QUEBEC COURT OF APPEAL DECISION IN BLUBERI CCAA PROCEEDINGS:
PLAN SPONSOR ENTITLED TO VOTE AS CREDITOR AND CREDITOR APPROVAL REQUIRED TO IMPLEMENT LITIGATION FUNDING AGREEMENT.
On February 4, 2019, the Quebec Court of Appeal (QCA) released its decision in the Companies’ Creditors Arrangement Act (CCAA) proceedings of 9354-9186 Québec Inc. and 9354-9178 Québec Inc. (formerly known as Bluberi Gaming Technologies Inc. and Bluberi Group Inc.) (Bluberi).

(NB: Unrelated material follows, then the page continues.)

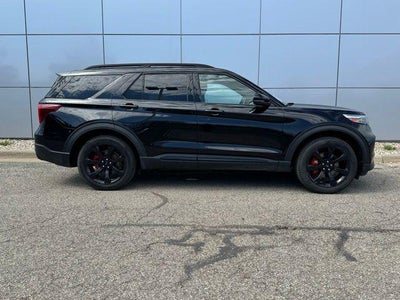 2022 Ford Explorer ST 4WD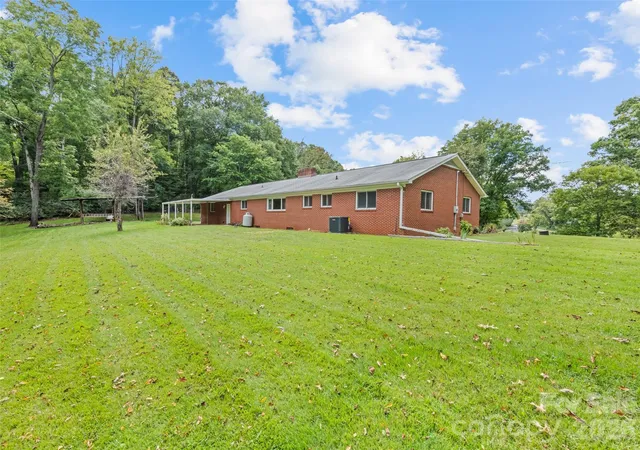 Photo 3 of Single family home for sale at 2968 Dutch Cvs Rd, Canton, NC 28716 | MLS# 4423590 | Listing updated on 2026-09-11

In a unanimous decision, the QCA reversed the first instance decision rendered on March 16, 2018 (2018 QCCS 1040).
The QCA decision confirms a creditor’s right to file and sponsor a CCAA plan of arrangement and that being the plan sponsor does not preclude a creditor from voting on such plan. The QCA also held that litigation financing cannot be authorized to pursue a litigious claim of a debtor company, in the absence of a duly approved CCAA plan, where creditors’ rights are affected and where there are viable alternatives for creditor recovery. Furthermore, the agreements governing a litigation funding arrangement must be disclosed to creditors, subject to applicable privilege and confidentiality undertakings.
Bluberi operated a gaming business based in Drummondville, Quebec. In November 2015, Bluberi was granted protection under the CCAA and Ernst & Young Inc. was appointed as monitor. In June 2016, the Appellant Callidus Capital Corporation (Callidus), Bluberi’s principal secured creditor, purchased substantially all of Bluberi’s assets by way of a credit-bid, except Bluberi’s rights to sue Callidus for allegedly contributing to Bluberi’s insolvency (the Retained Claims). Pursuant to the transaction, Callidus also conserved a $3,000,000 secured claim against Bluberi (the Callidus Claim).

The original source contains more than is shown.